For example, I have a cottage with a neighbour who tells me that when he leaves it for the week, until he is back up the next weekend, that he leaves his water pump on. Said that he has never had a problem and he doesn't worry about it. With myself, I look at it differently, since it is only a switch and I am aware of the devastating result if a pipe burst when I am not there, I turn mine off until I am back up. It's jsut a difference in personality. The insurance companies would rather insure people that think pro-active to avoid claims then others who think everything will be fine, simply because it has. Claims is about the only way they have to differentiate between the two.

I don't make the rules. Is it fair to everyone. Absolutely not, but it is the way it is.


----------



## m3s (Apr 3, 2010)

I am the same as you, I try to avoid claims. Some people seem to think they can take more risk because "insurance will cover it anyways"

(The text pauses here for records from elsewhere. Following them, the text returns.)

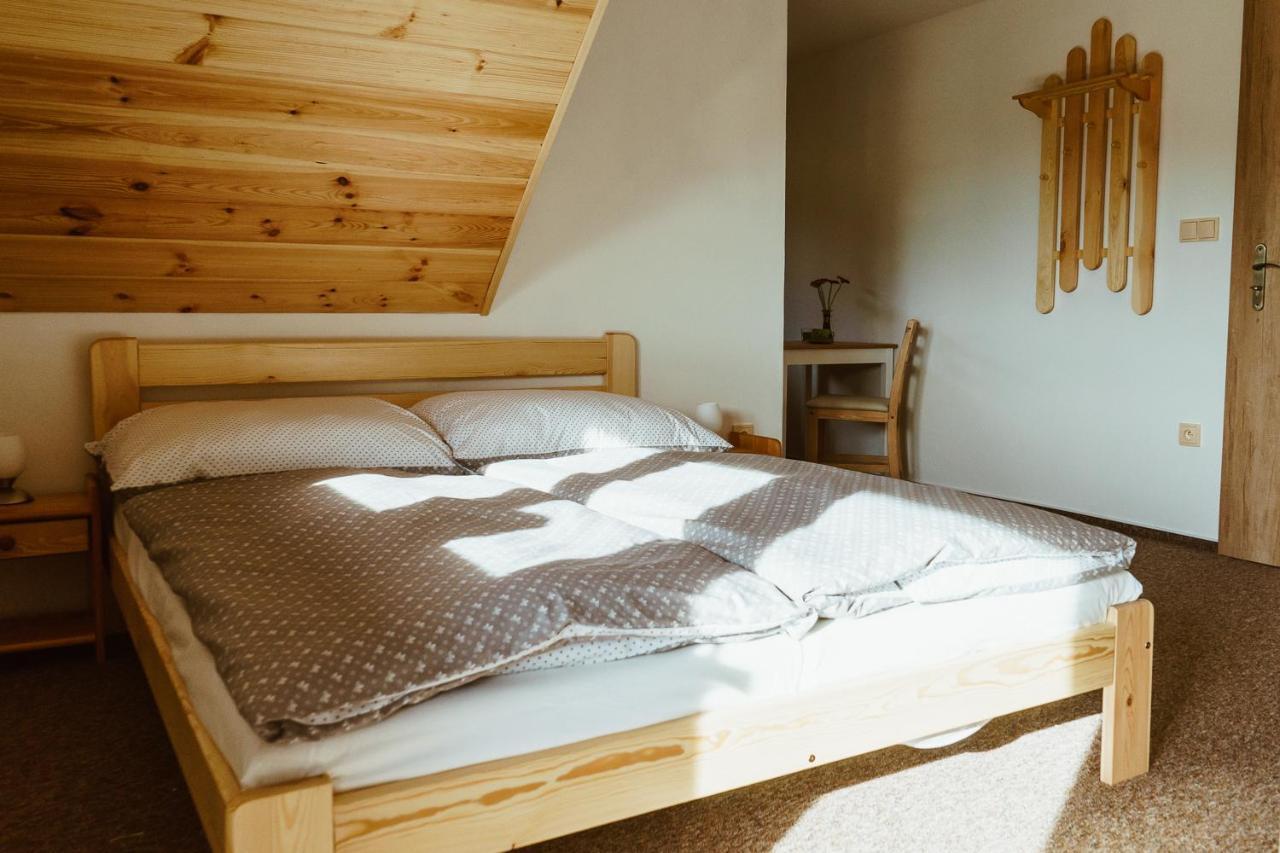 Apartmany Pod Strani Malá Morávka Bagian luar foto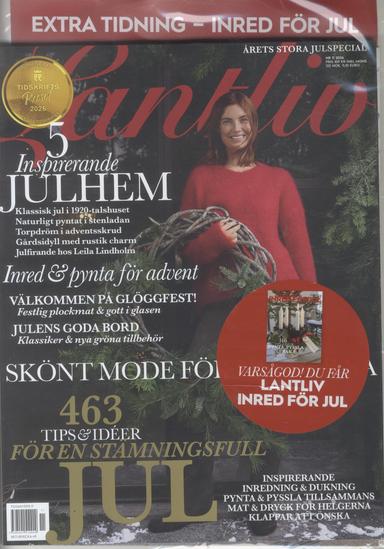 Lantliv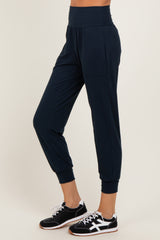 Navy Joggers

Based on this, I don't see a point of claiming anything I can afford, and therefore no point in lowering the deductible


----------



## carllecat (Aug 3, 2010)

OptsyEagle said:


> How else would they do it? It is a fact that a group of people who have had 1or more claims will put in more future claims, then a group of people who have not put in any claims.
> 
> Now if they did not adjust the premiums, then people who are lower risk would be paying part of the costs of the people who are higher risks. Even if you wanted to do this, some insurance company would inevitably figure it out and take your money and still restrict or exclude the higher risk.
> 
> ...


I must be unintelligent as 3 years ago, I claimed $3,500 damages on my car that was parked on the street as a drunk moron ran into my car and left the scene without telling anyone (hit and run). I should have been proactive and diligent and buy a smaller car that would not take as much space on the street. I now feel stupid and useless!


----------



## carllecat (Aug 3, 2010)

mode3sour said:


> I am the same as you, I try to avoid claims. Some people seem to think they can take more risk because "insurance will cover it anyways"
> 
> Based on this, I don't see a point of claiming anything I can afford, and therefore no point in lowering the deductible


Understand this... Therefore, insurance companies should have policies for people that just want to have basic coverage without having to pay what you can afford.


----------